▸ YOUR INSTRUCTIONS: Could you please write out each line of the records exactly, minus the pictures?

▸ GIVEN RECORDS:
== == ==

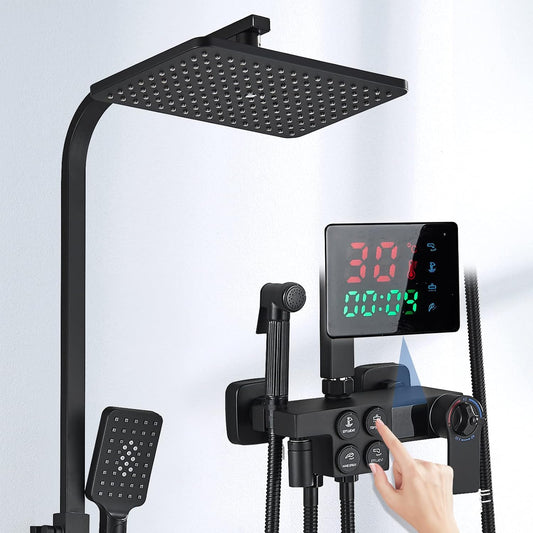 Colonna Doccia Termostatica Con Miscelatore E Soffione,Set Doccia Completo Con Soffione E Doccetta,Colonna Doccia Ner,Monocomando Barra Altezza Regolabile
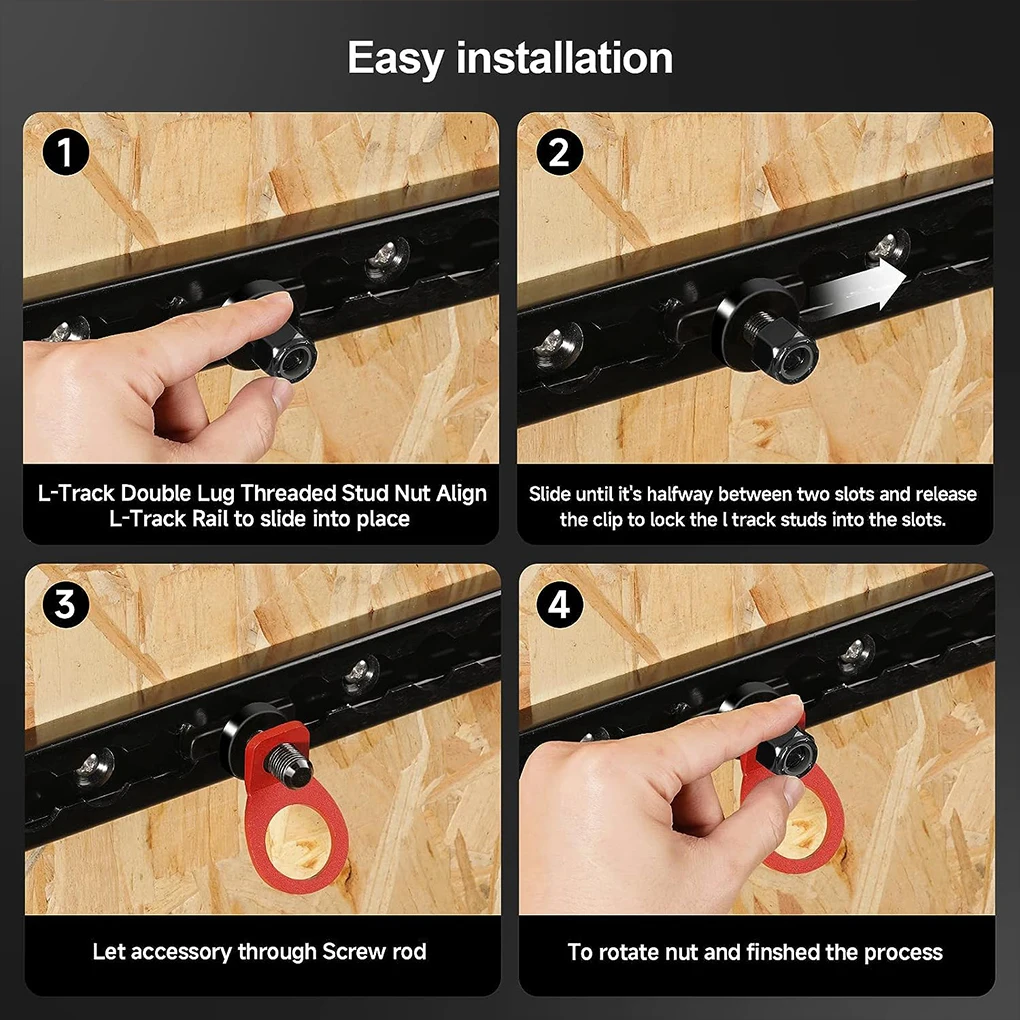 Preto duplo Lug rosca Stu-d para RVs L-Track, conveniente e seguro, 5pcs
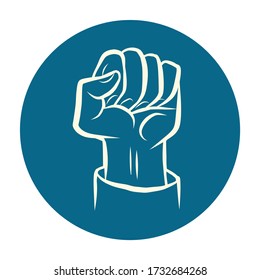 hand fist fight protest gesture. Comics caricature pop art retro illustration drawing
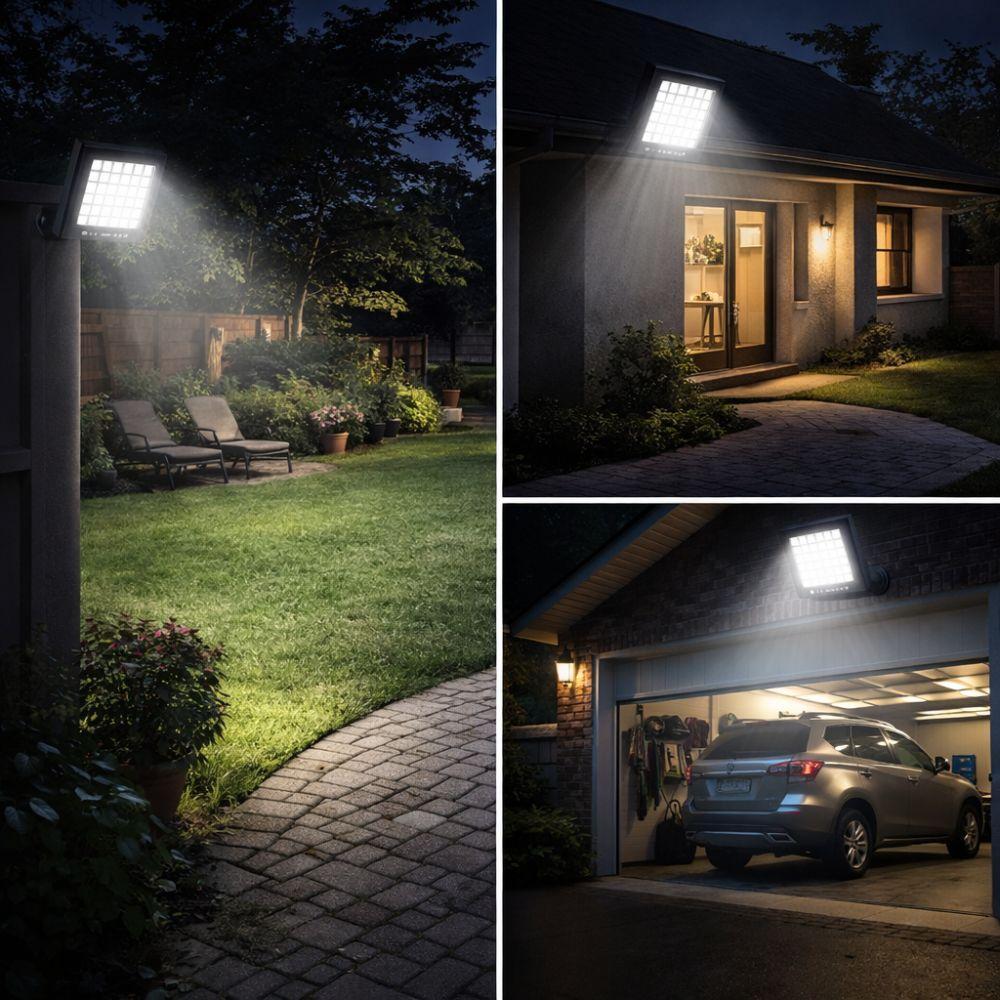  faro led solare 2000w con pannello fotovoltaico ip66 e telecomando - foto 4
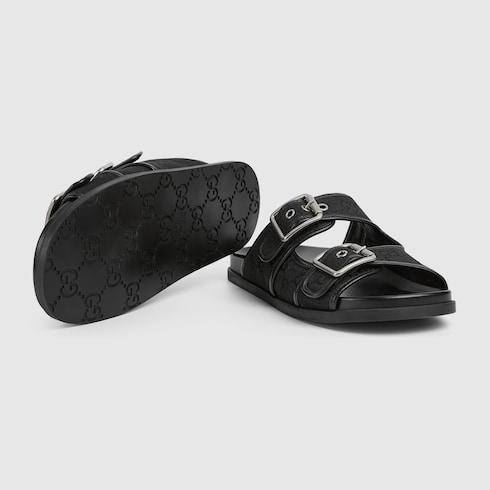 Men's slide sandal with buckles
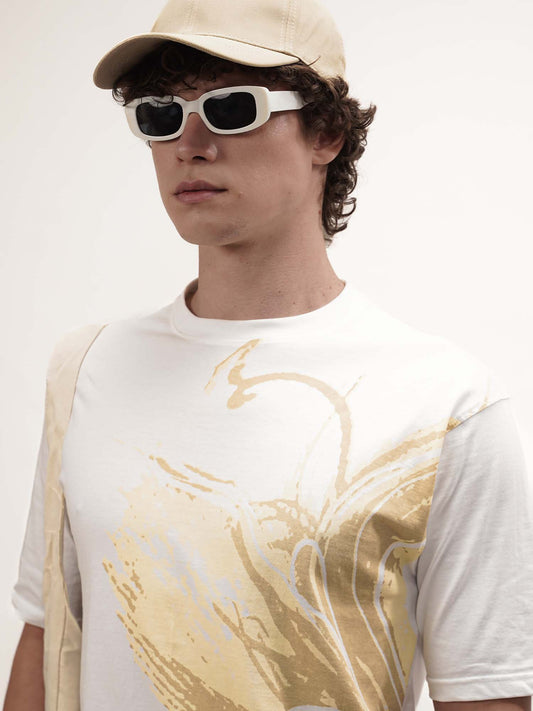 Nature Noise Half Sleeve White T-Shirt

== == ==

▸ WRITTEN RESPONSE:
 Colonna Doccia Termostatica Con Miscelatore E Soffione,Set Doccia Completo Con Soffione E Doccetta,Colonna Doccia Ner,Monocomando Barra Altezza Regolabile
 Preto duplo Lug rosca Stu-d para RVs L-Track, conveniente e seguro, 5pcs
 hand fist fight protest gesture. Comics caricature pop art retro illustration drawing
  faro led solare 2000w con pannello fotovoltaico ip66 e telecomando - foto 4
 Men's slide sandal with buckles
 Nature Noise Half Sleeve White T-Shirt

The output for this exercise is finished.